GKV-Finanzausgleich: Die Mär von der Bevorzugung der AOK

ams-Stichwort: Morbi-RSA

Grafik: 100-Euro-Scheine

10.05.19 (ams). Immer wieder wird behauptet, die AOK bekäme ungerechtfertigt mehr Geld aus dem morbiditätsorientierten Risikostrukturausgleich (Morbi-RSA) als andere Krankenkassen. So klagte zuletzt der Chef der Techniker Krankenkasse (TK), Jens Baas, im Berliner Tagesspiegel: "Die AOKen schlagen hier mit einer Überdeckung von mehr als 1,3 Milliarden Euro im Ausgleichsjahr 2017 zu Buche. Der Wettbewerb ist somit eindeutig verzerrt. Die Ersatzkassen sind in Summe mit 931 Millionen Euro unterdeckt." Was Baas nicht verrät: Die TK hat im selben Jahr ein Rechnungsergebnis von plus 632 Millionen Euro erwirtschaftet und ist GKV-weit die Kasse mit den meisten Betriebsmitteln und höchsten Rücklagen. Profitiert die TK damit auch von Wettbewerbsverzerrung? Außerdem erhält die AOK für die berücksichtigten Erkrankungen wie etwa Diabetes nicht mehr Geld aus dem Finanzausgleich als jeder andere Mitbewerber.

Szenario A: Frau Müller ist 55 Jahre alt, wohnt im bayerischen Deggendorf und hat Diabetes. Sie ist bei der AOK Bayern versichert.
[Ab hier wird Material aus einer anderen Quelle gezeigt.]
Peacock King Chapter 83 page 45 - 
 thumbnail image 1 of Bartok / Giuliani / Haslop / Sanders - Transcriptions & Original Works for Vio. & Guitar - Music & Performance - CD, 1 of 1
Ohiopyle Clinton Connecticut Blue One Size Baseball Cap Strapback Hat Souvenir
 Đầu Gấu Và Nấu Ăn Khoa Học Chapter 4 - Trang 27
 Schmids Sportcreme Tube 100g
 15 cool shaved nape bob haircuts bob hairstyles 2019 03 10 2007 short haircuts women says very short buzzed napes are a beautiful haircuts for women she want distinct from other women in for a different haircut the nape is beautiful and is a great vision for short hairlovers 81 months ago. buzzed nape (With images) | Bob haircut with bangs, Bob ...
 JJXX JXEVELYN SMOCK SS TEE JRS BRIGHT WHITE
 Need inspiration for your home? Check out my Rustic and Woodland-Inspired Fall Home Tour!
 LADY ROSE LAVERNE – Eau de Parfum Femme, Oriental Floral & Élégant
Für die Abdeckung der Leistungsausgaben von Frau Müller bekommt die AOK Bayern über den Morbi-RSA für 2018 eine Zuweisung aus dem Gesundheitsfonds in Höhe von 1703 Euro. Szenario B: Frau Maier ist auch 55 Jahre alt und diabeteskrank, wohnt ebenfalls in Deggendorf, ist aber bei der überregionalen TK versichert. Die TK erhält über den Morbi-RSA für 2018 die gleiche Zuweisung aus dem Gesundheitsfonds in Höhe von 1703 Euro. Die Pauschalen für den Diabetes sind nämlich bei allen Krankenkassen gleich. Die Zuweisungen variieren je nach Schweregrad der Krankheit, Alter und Geschlecht, aber eben nicht nach Kassenzugehörigkeit und Wohnort.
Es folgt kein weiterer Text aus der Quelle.